A LDC Enterprise Officer will work with the participant while they are preparing to become self-employed (the pre Start-up Period) and support them in the early months of Trading (the Post Start-up Period). 

An enterprise that has been recommended for the BTWEA by a LDC should be accompanied by a business plan that must include sufficient information to demonstrate the viability of the business proposed. In the event that the LDC will not comment on the business to say whether it is recommended or not the onus is on the Case Officer to do so.

 

The business plan should include the following as a minimum:  

  • A full description of the business idea including how and where will trading take place. This will help give an indication of income and overheads.
  • Compliance with statutory requirements (where applicable)
  • Any concerns highlighted by the Case Officer under 4.4 above
  • Business Financial Planning
    • Business cash-flow:
    • Incomings
    • Outgoings (Overheads such as insurance, rent, business rates, stock/equipment costs etc.)  

The participant will need to demonstrate that their Business Plan is viable and that the business has sustainability potential.  Income from BTWEA should not be included as part of the business cash flow or income projections.

 

4.6 Business plan approval   

A DEASP Case Officer must review the Business Plan submitted by the participant and consider whether the enterprise satisfies the criteria for the participant to move into self-employment and commence trading. The case officer must make a recommendation on whether the application should be approved or rejected by the deciding officer.  

The LDC Enterprise Officer can recommend to the Department that a participant’s business plan is of a suitable standard to be assessed. The Enterprise Officer should not be part of the final decision process of awarding a BTWEA payment. 

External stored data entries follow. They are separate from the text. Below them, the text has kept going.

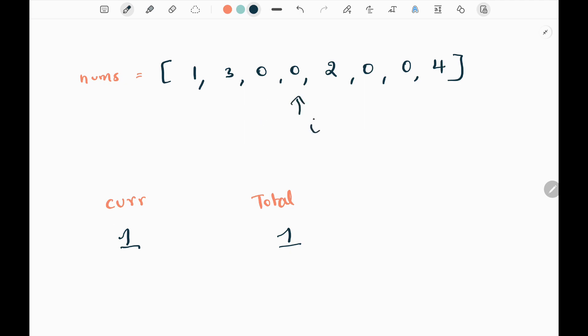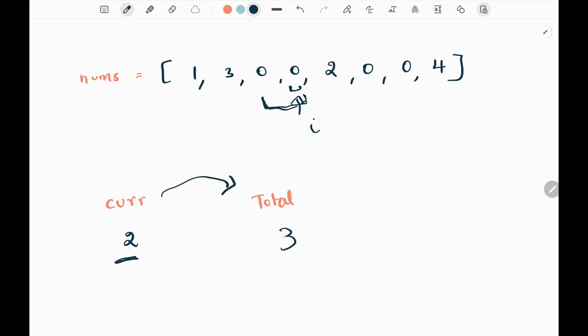Again, I have encountered zero. I will increase my current by one — now it becomes two. What this two represents: we are considering this zero as one and we are considering zero comma zero as one subarray, simultaneously considering the individual element and the combined subarray. After increasing my current variable, I will add this current to my total. Now my total becomes three — one plus two is three.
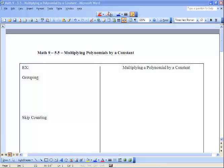Hey everyone, today we're going to be talking about multiplying polynomials by a constant. We've already added and subtracted polynomials, so now we're going to start to multiply things.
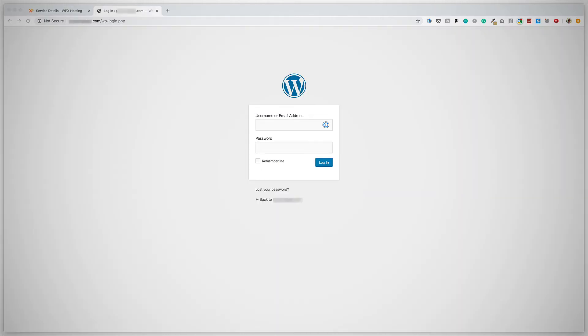So that will take me to my WordPress login page. And now you use your username and your password that was provided to log in to your WordPress installation. Then you click Login.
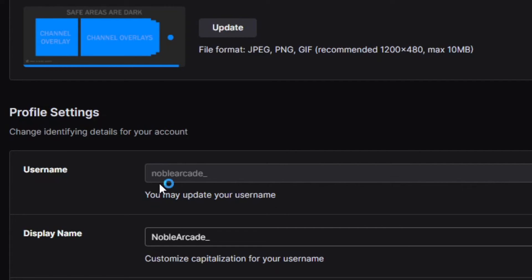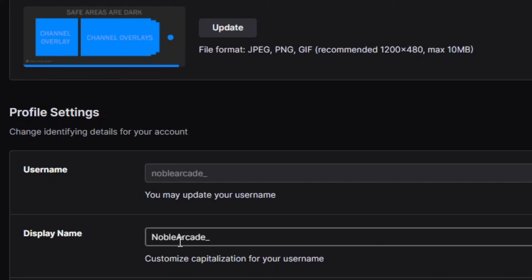So, in this case, you can find me at twitch.tv slash noblearcade, and then I've capitalized the N and the A, so that you guys can see those are two different words.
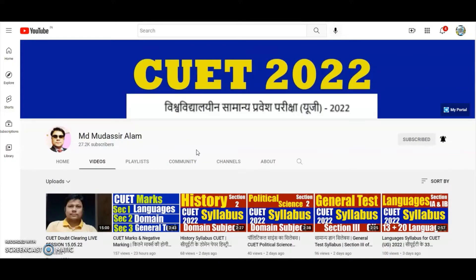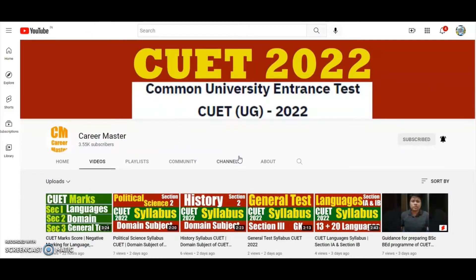You can watch this video with Hindi audio on my alternate channel youtube.com/MD Mudassir Alam channel. Hello and welcome to my channel. This is Career Master Muhammad Mudassir Alam.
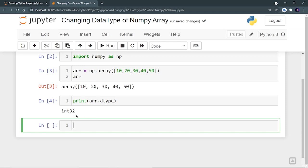Now my motive is to convert this int32 elements into float64. So how can I do it? I can do it using astype function.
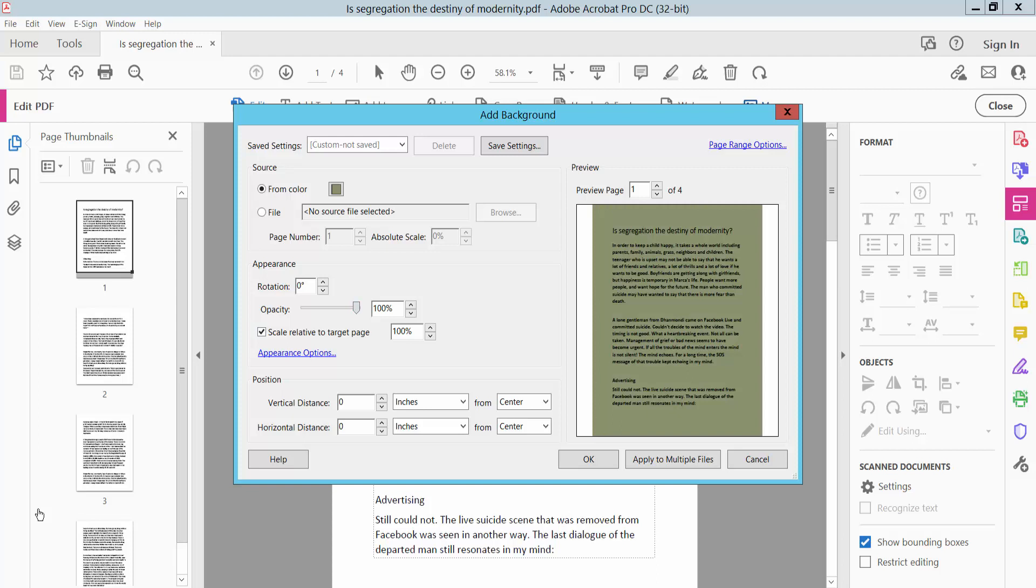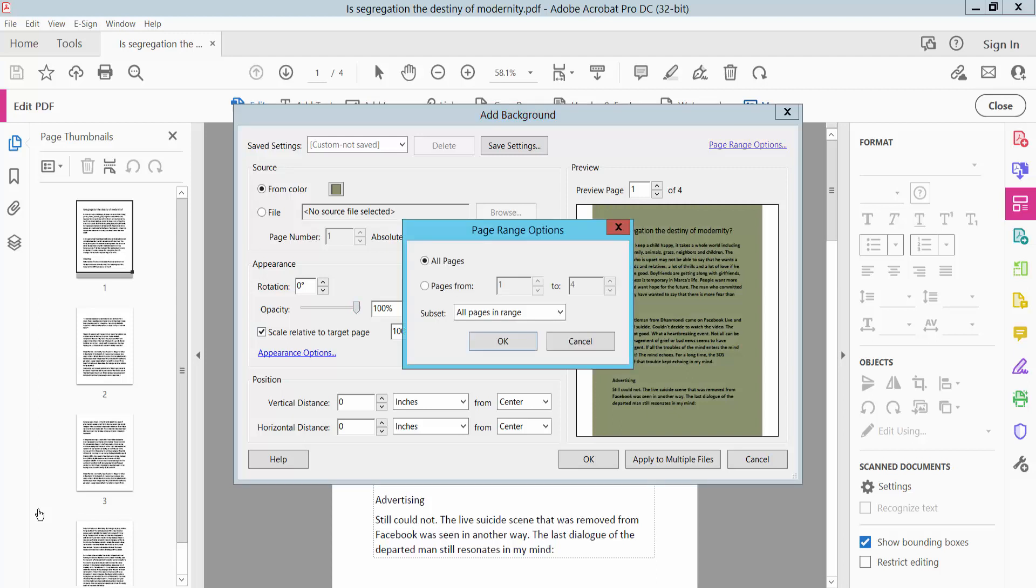And this is the page range option. Here you can apply this background to all pages or you can apply it to specific pages. I will apply to all pages.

Where a BTWEA application is refused by the Deciding Officer, s/he must provide both the applicant and LDC Enterprise Officer with a written record of the decision setting out clearly the reason the application has been refused.  A Deciding Officer may seek further clarification from the applicant, the LDC Enterprise Officer or the Case Officer prior to deciding the outcome of the application. Customers can submit a revised Business Plan for consideration where an application for BTWEA is initially refused. 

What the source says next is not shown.